What is needed is the exact text of each line in the listing below from the one with "STAT3 INHIBITORS diagram and image" up to and including the one with "Portable Solar Powered", and no pictures.

+++ GIVEN ENTRIES

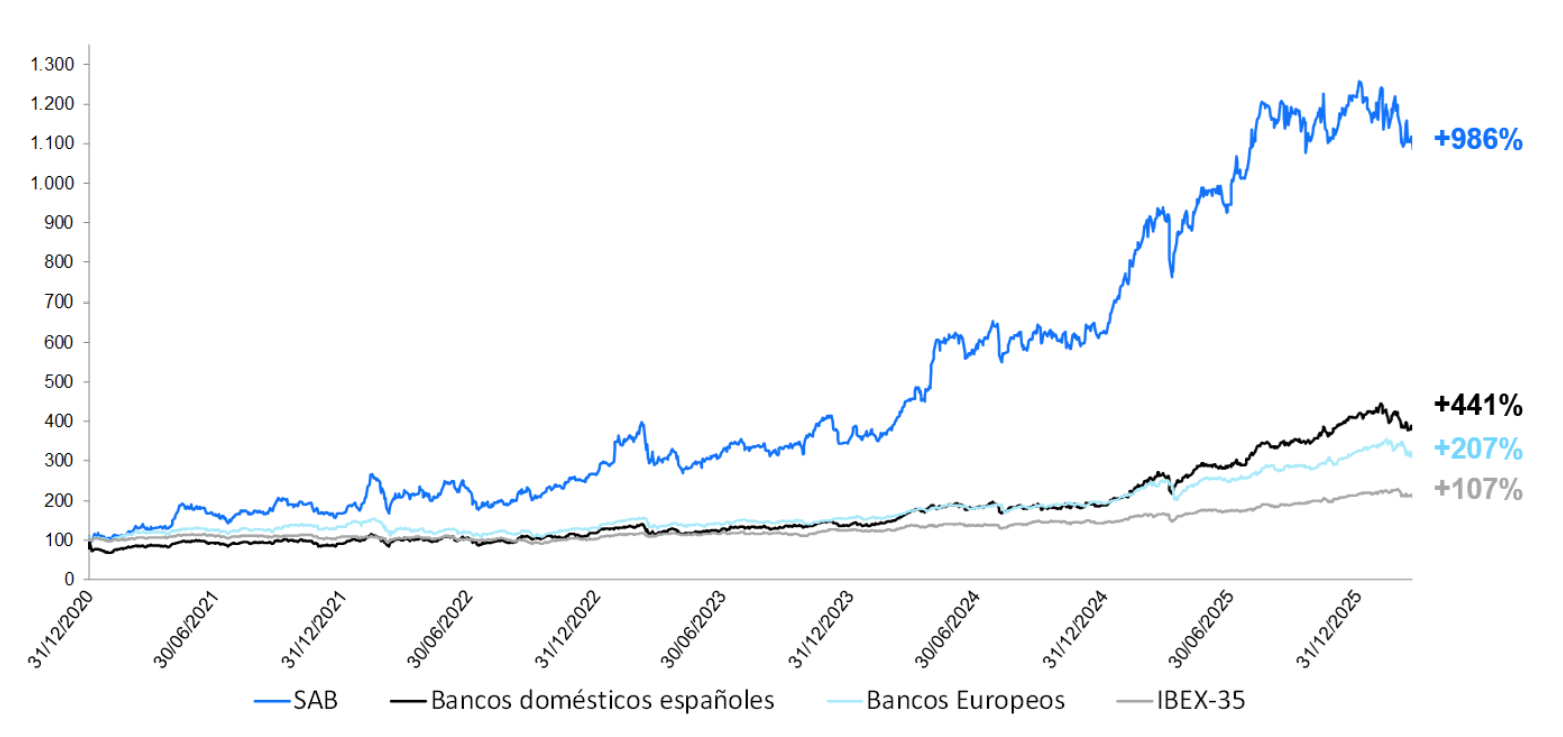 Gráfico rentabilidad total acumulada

++++++
+++ GIVEN ENTRIES

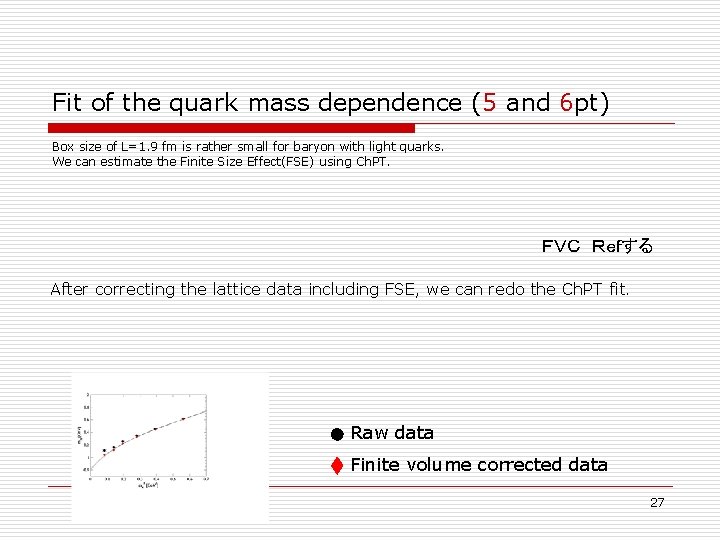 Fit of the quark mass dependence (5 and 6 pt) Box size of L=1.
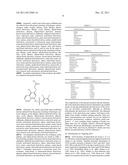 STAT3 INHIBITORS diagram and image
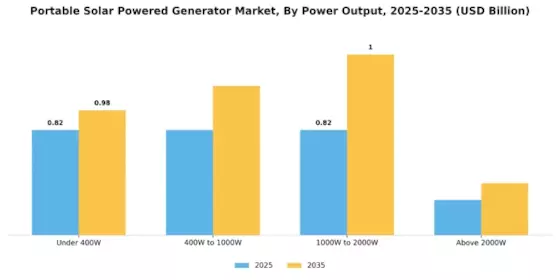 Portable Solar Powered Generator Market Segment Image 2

++++++
+++ GIVEN ENTRIES

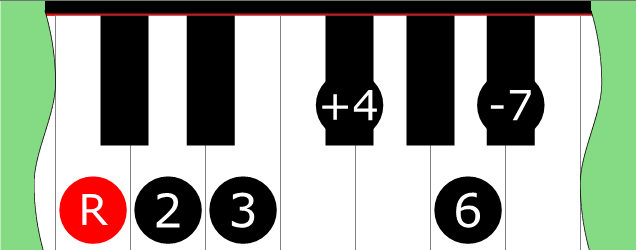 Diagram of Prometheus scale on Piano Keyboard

++++++

[RESULT FOR THIS TASK]
 STAT3 INHIBITORS diagram and image
 Portable Solar Powered Generator Market Segment Image 2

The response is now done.